Frontiers in DNA Repair Meeting
Berlin – Brandenburg Academy of Sciences, Germany
September 12, 2016
It was in June when I received an email informing me that I had been selected to give a short talk in the “Frontiers in DNA repair” meeting at the Berlin –Brandenburg academy of sciences. It was a matter of pride for me to present my research in such a revered institute, where many great names have left a mark on the Academy’s history of more than 300 years. This one-day conference was organised by Michela Di Virgilio(MDC Berlin) and comprised of talks by 8 invited speakers from the USA, UK, and Europe as well as 4 short talks selected from the abstracts.
The symposium started with Titia DeLange giving a keynote lecture on how the Shelterin complex protects the telomere from DNA damage and maintains genome stability. She presented some new data from her lab on how POT1 protects the telomere from RPA binding and preventing ATR activation.
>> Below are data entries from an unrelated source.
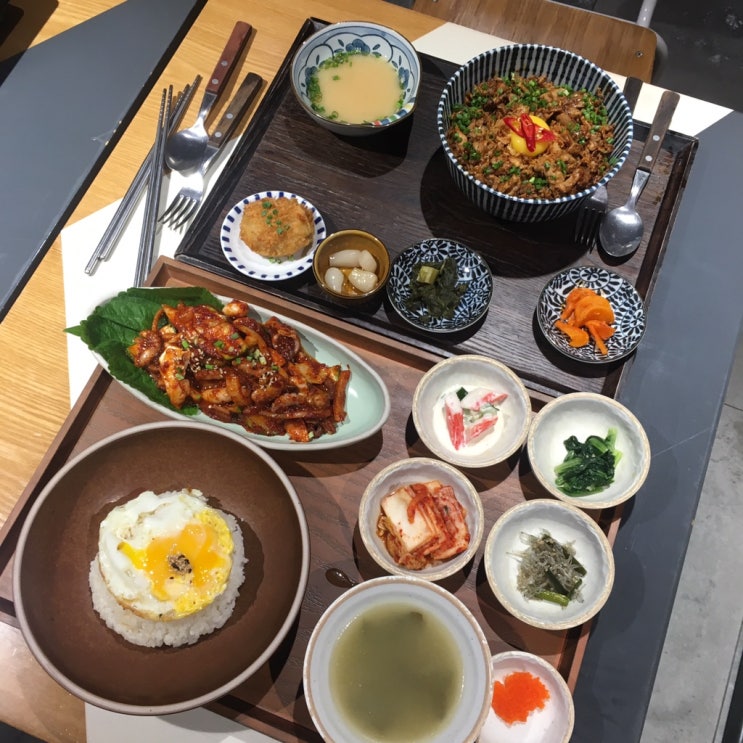 [서울/잠실] 뭐 먹을지 고민 될 땐, 오픈다이닝펍 토끼정, 도제, 무월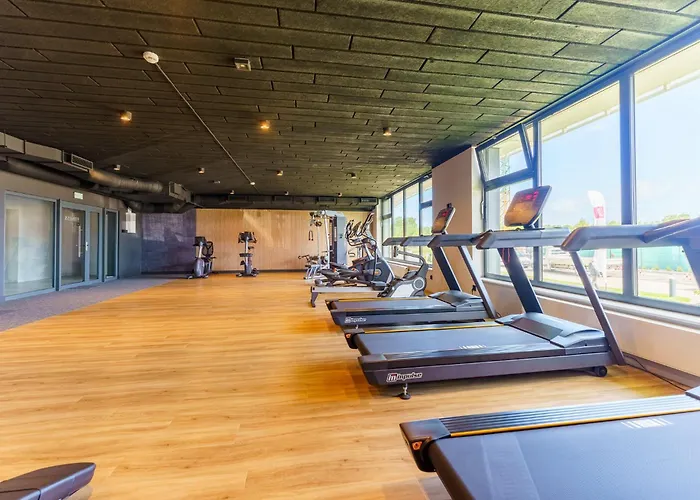 Polanki Aqua Exclusive - By Jantar Апартаменты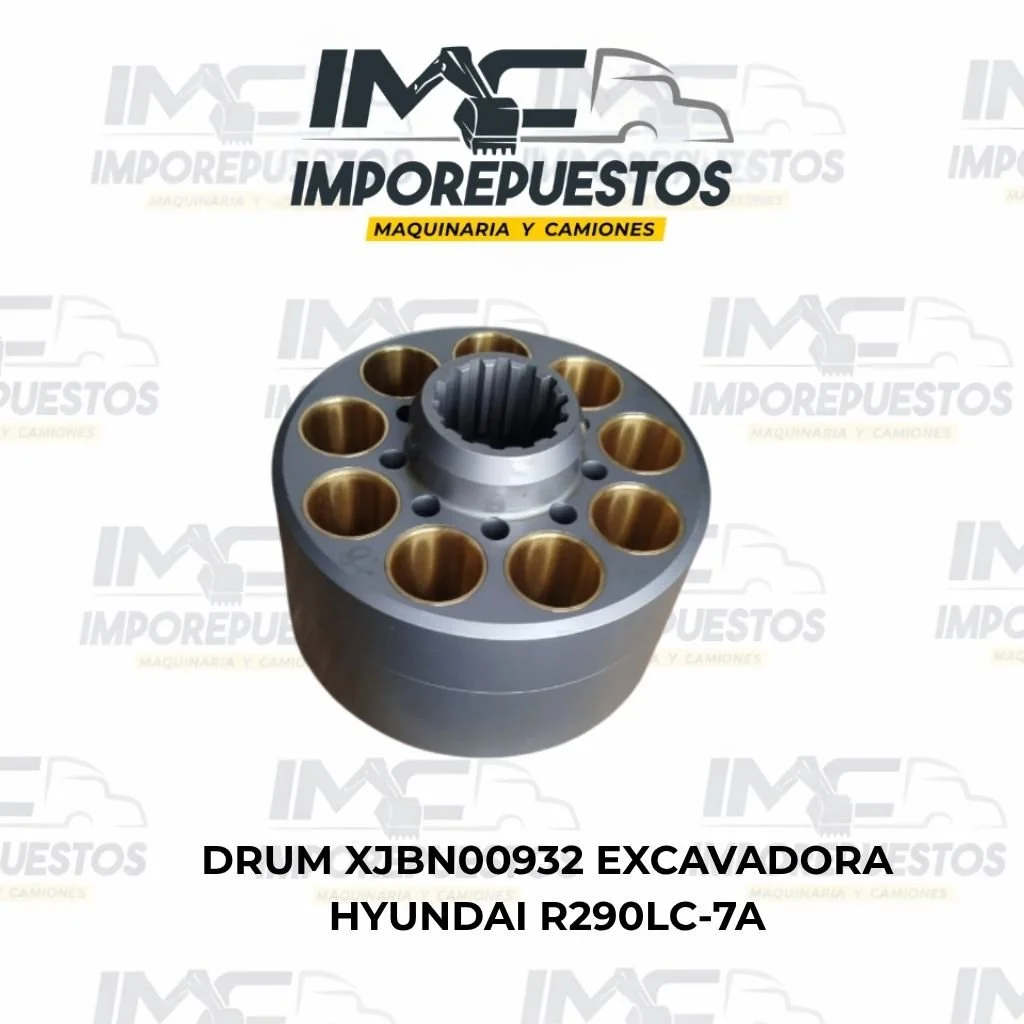 Drum excavadora Hyundai R290LC-7A XJBN00932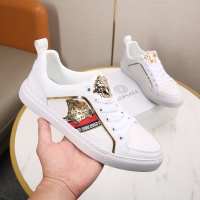 Cheap Versace Casual Shoes For Men #1080987 Replica Wholesale [$72.00 USD] [ITEM#1080987] on Replica Versace Casual Shoes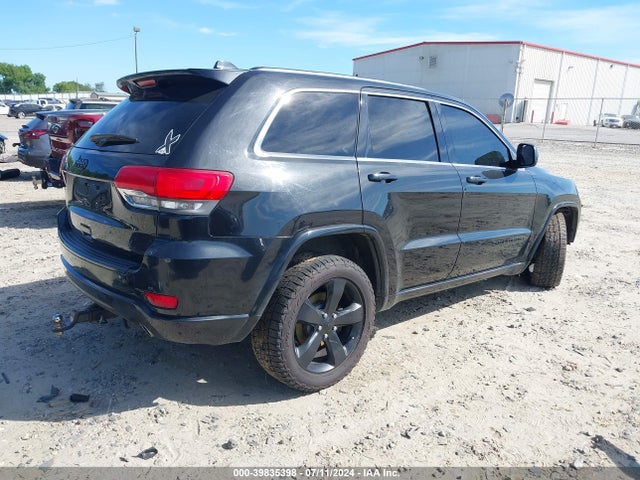 1C4RJFAG0EC506663 Jeep Grand Cherokee Altitude
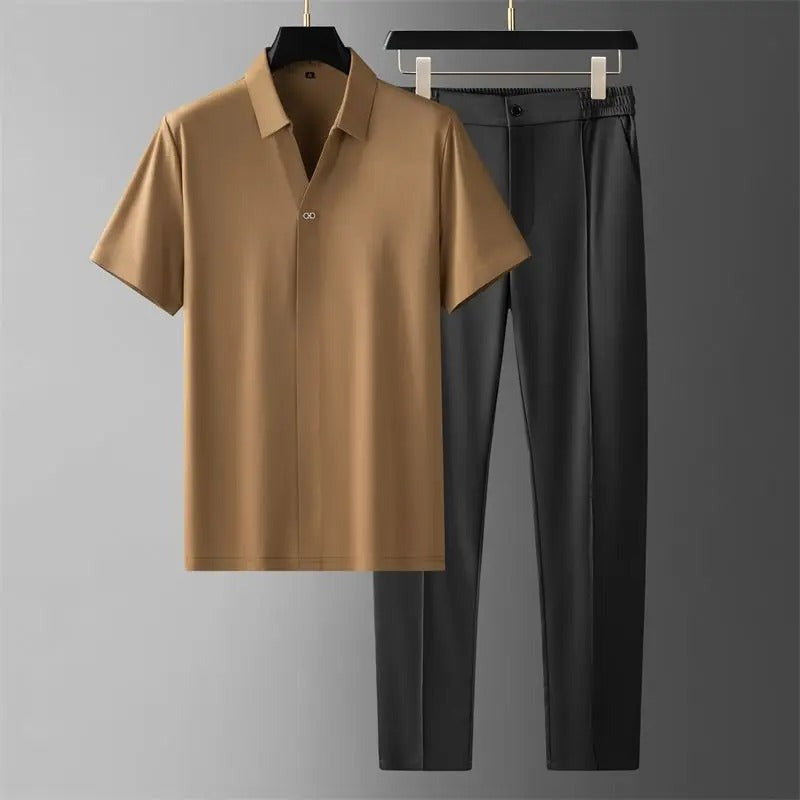 Ensemble chemise et pantalon par BJÖRN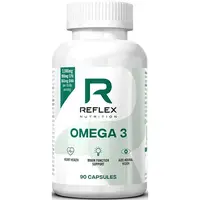 Reflex Nutrition Omega 3 kapsuly s esenciálnymi mastnými kyselinami 158 g
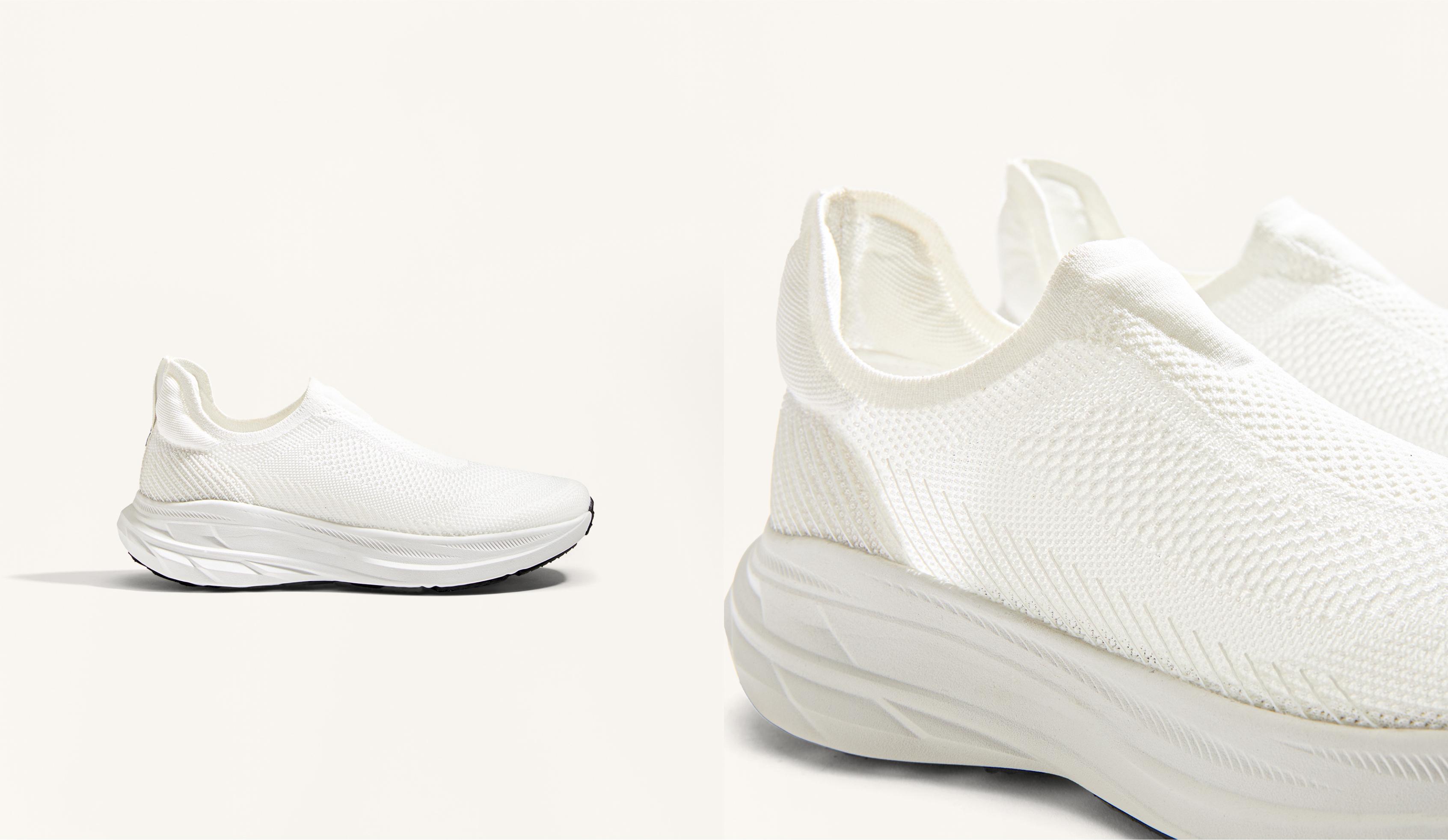 Running-Sportschuh ohne Schnürsenkel für Einsteiger Running-Sportschuh ohne Schnürsenkel für Einsteiger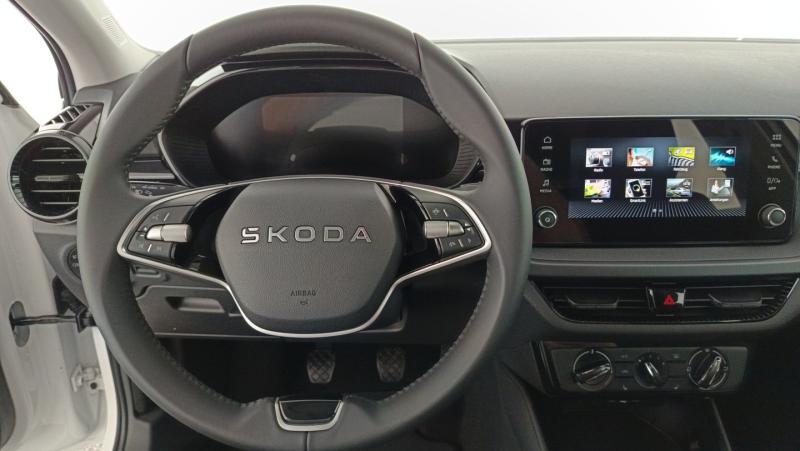 Škoda Fabia Essence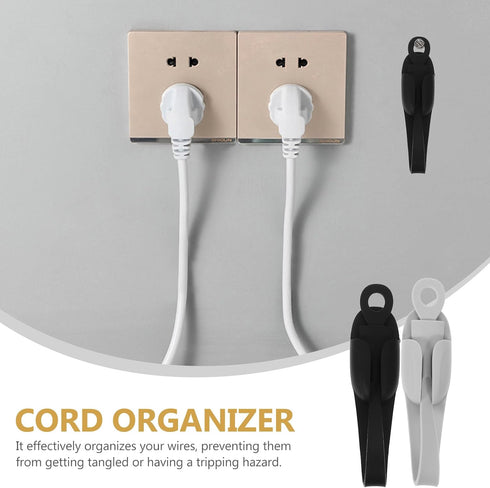 Cord Organizer for Appliances, 6pcs Kitchen Cord Winder Holder for Mixers, Coffee Makers, Air Fryers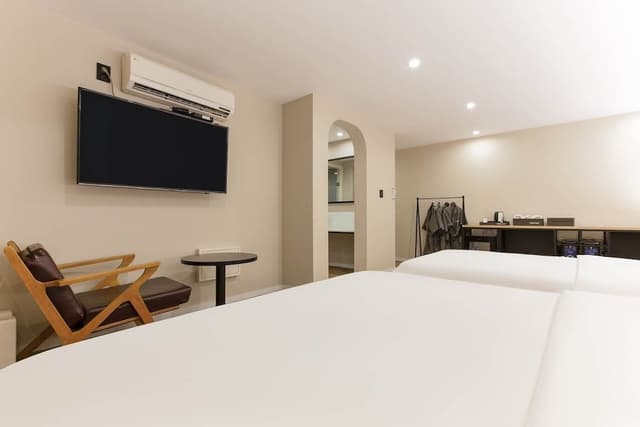 Suite Twin Room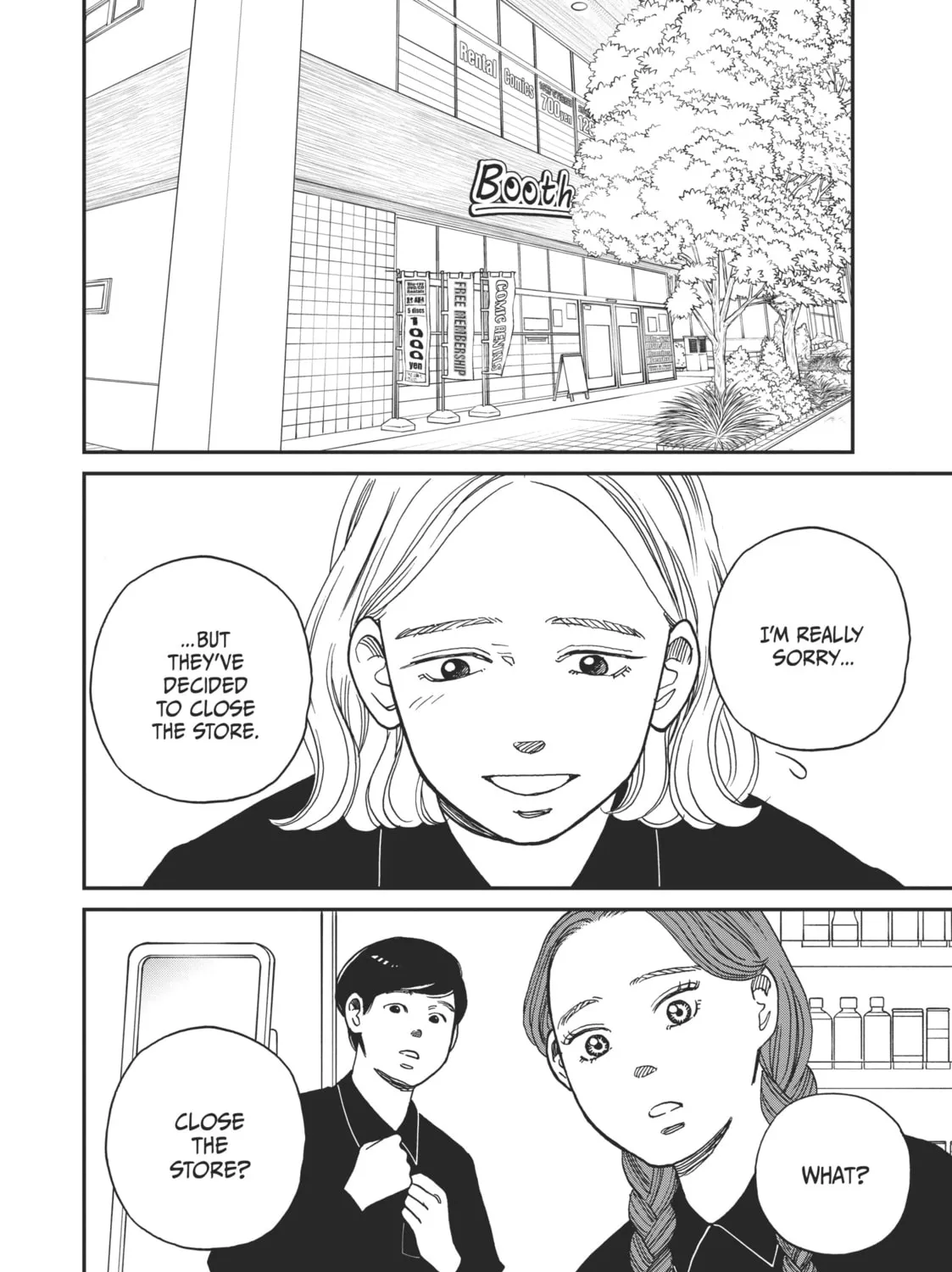 Read Sketchy chapter 23 image 2 on Lezhin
Michael Lisby (Copenhagen) gave a spectacular talk on a novel factor identified by SILAC-MS analysis, Mte1 (Mph1- associated telomere maintenance1). Mte1 is a yeast orthologue of ZGRF1 that associates with Mph1 (FANC M family protein) and both colocalize at DNA damage-induced foci and at dysfunctional telomeres.
The second session on genomic integrity was chaired by Ylli Doksani and started with Jiri Lukas’s talk on how a cell deals with endogenous DNA damage and DNA repair signaling mechanism. Lukas lab is focussed on understanding the DNA damage generated during replication. He showed how unresolved replication intermediates can produce DNA breaks leading to genome instability.
Bruno Vaz (Postdoc from Ramadan Lab, Oxford Oncology Department), gave a short talk on a novel metalloprotease SPRTN which removes DNA-protein crosslinks (DPC) during S-phase. SPRTN protease acts a main DPC repair pathway responsible for preventing genomic instability, ageing and cancer.
The final session mainly focussed on harnessing the DNA damage response with talks by Steve Jackson and Thomas Helleday. Steve showed how cells respond to different DNA damage repair pathways, and also focussed on the clinical trials of PARP inhibitor and drugs inhibiting BRCA pathways in breast cancer patients.
Helleday talked about MTH1, a hot cancer drug target. His group founded this drug and is under clinical phase trial1 under the name “MASTIFF, which stands for “Mth1, A phase I,Study on Tumor Inhibition, First in human, First in class clinical trial”
My abstract on “Radiation sensitivity and DNA damage response mechanism in planarian stem cells” was accepted for a short talk in this meeting. I introduced planaria as an emerging model system where we can study DNA damage in the context of adult stem cells. Given the conservation between planarian stem cells and mammalian cells, we can answer how cells repair DNA damage in vivo after ionizing radiation. Using RNAi screen I have shown the role of different DNA repair pathways in stem cell survival post irradiation. The talk was well received by the scientists and I also got the opportunity to interact, and exchange ideas and views during the conference.
This meeting gave me the chance to interact with a number of academics and professionals from different countries who have similar research interests. This has helped me in starting to build lasting networks that will hold me in good steed in my future endeavours. Finally, I would like to thank The Keble Association, Oxford; British Society for Cell Biology (BSCB) and British society for Developmental Biology (BSDB) for awarding travel grants to attend the meeting. This conference was very interesting and enriched my experience with more information, knowledge, and confidence.